■ ASSIGNMENT
Your answer must be a word-for-word copy of the listing, with all pictures excluded.
*** Begin section ***
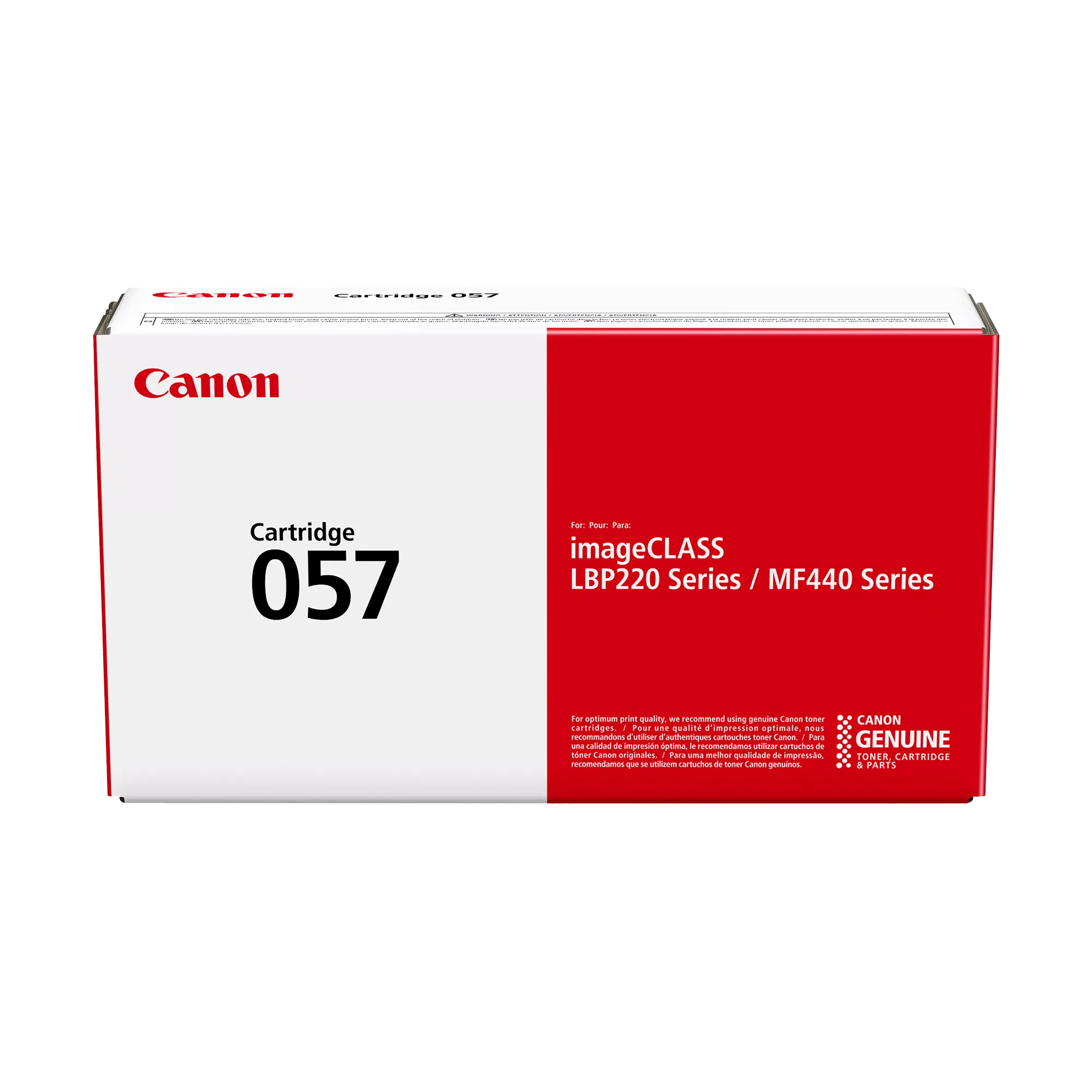 Cartridge 057 BLACK 154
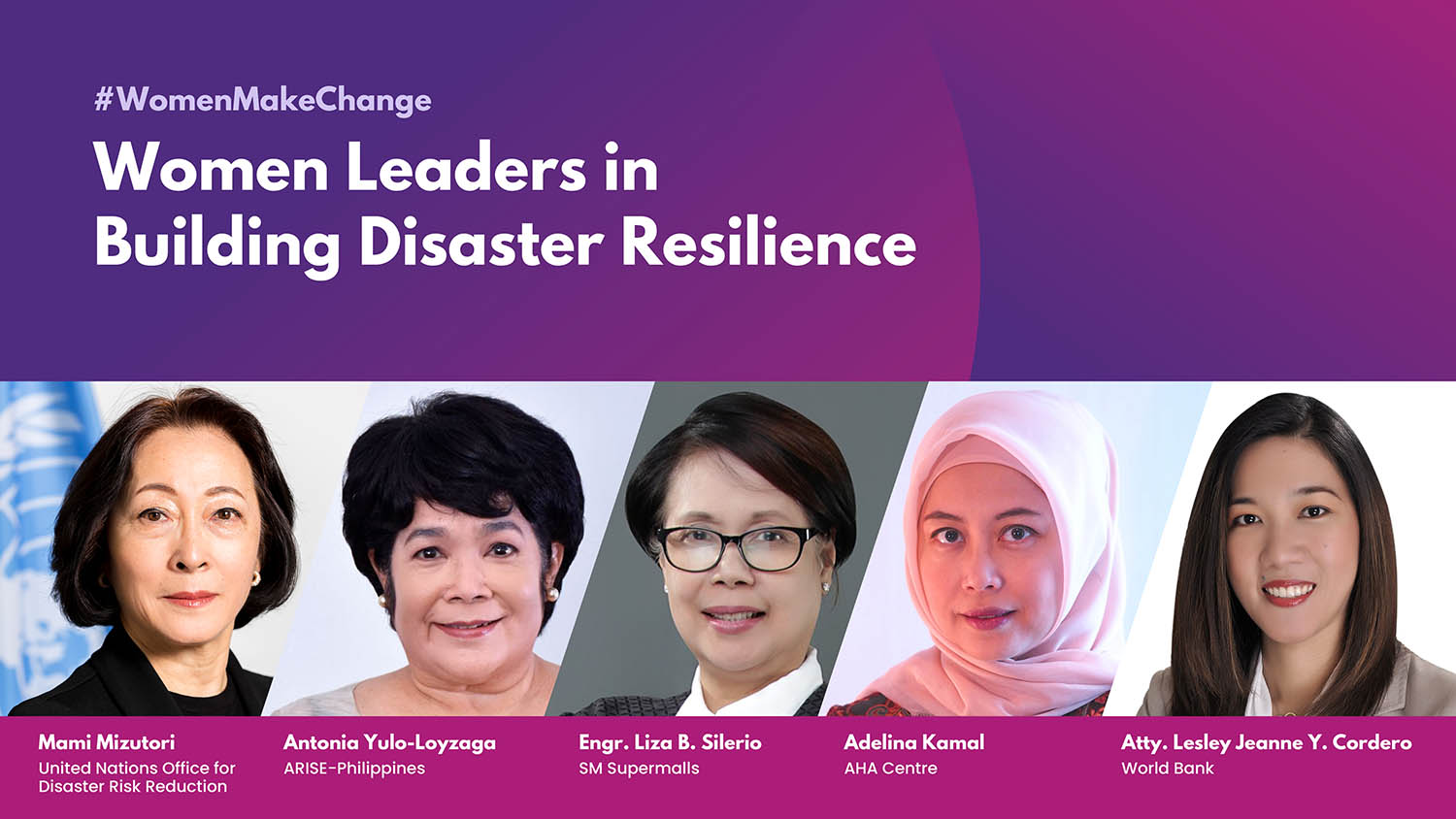 ARISE-Philippines, SM Cares, Resilient PH team up for webinar  on women on disaster management and resilience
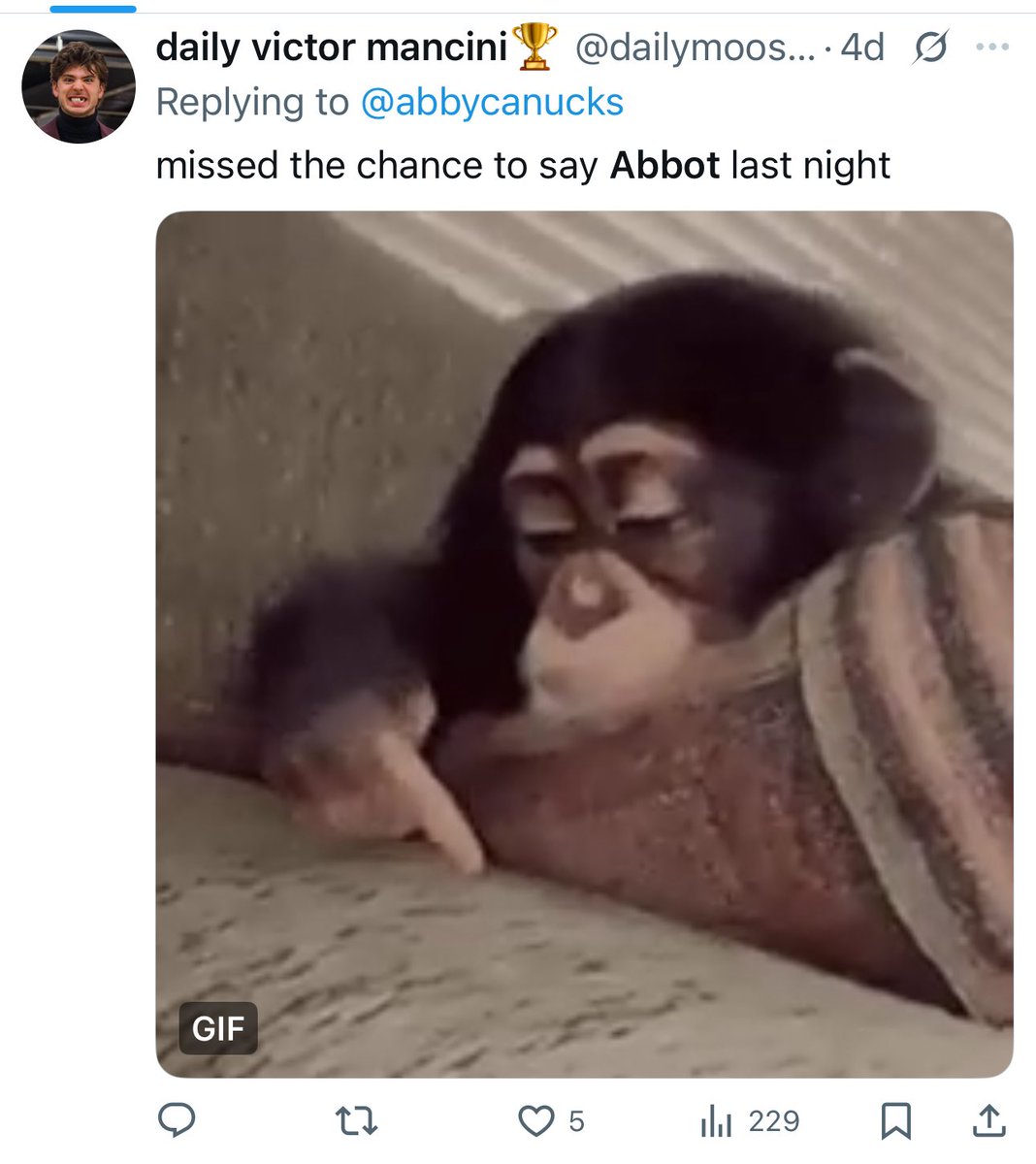 daily victor mancini tweet media
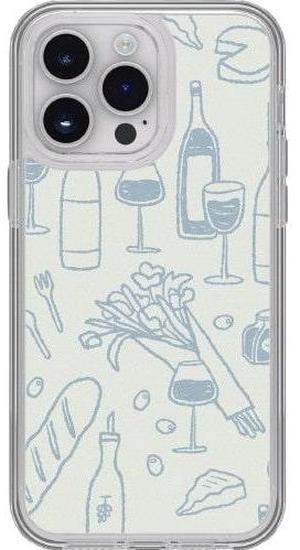 OtterBox SYMMETRY SERIES Clear Case for MagSafe iPhone 13 Pro Max - Girl Dinner (Limited Edition)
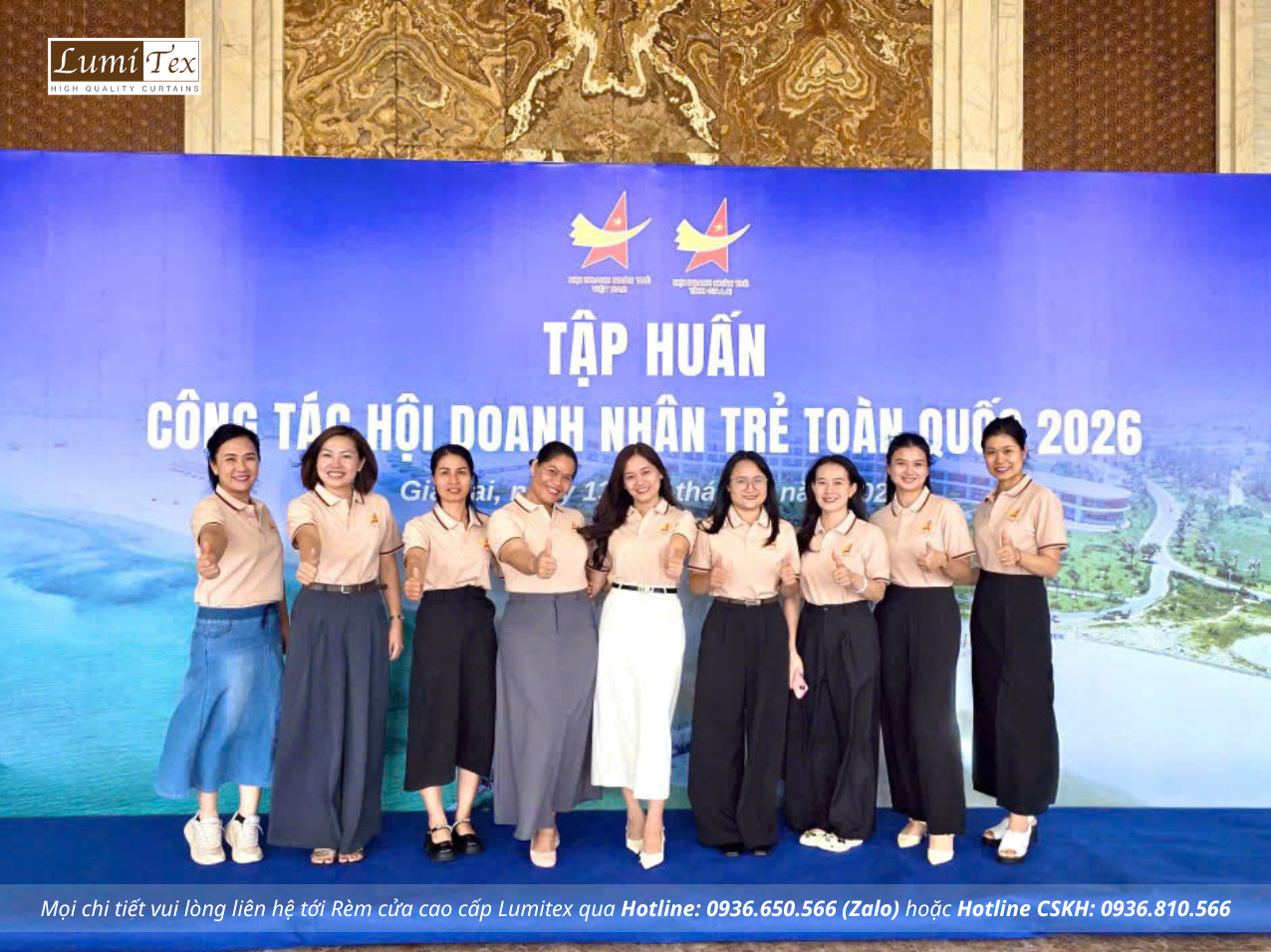 Hội Doanh nhân trẻ Hải Phòng nâng cao nghiệp vụ tại Hội nghị tập huấn công tác Hội toàn quốc năm 2026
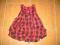 sukienka St.Bernard sukieneczka krata 18-24 86 92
*** End section ***
■ RESULT FOR THIS EXERCISE
 Cartridge 057 BLACK 154
 ARISE-Philippines, SM Cares, Resilient PH team up for webinar  on women on disaster management and resilience
 daily victor mancini tweet media
 OtterBox SYMMETRY SERIES Clear Case for MagSafe iPhone 13 Pro Max - Girl Dinner (Limited Edition)
 Hội Doanh nhân trẻ Hải Phòng nâng cao nghiệp vụ tại Hội nghị tập huấn công tác Hội toàn quốc năm 2026
 sukienka St.Bernard sukieneczka krata 18-24 86 92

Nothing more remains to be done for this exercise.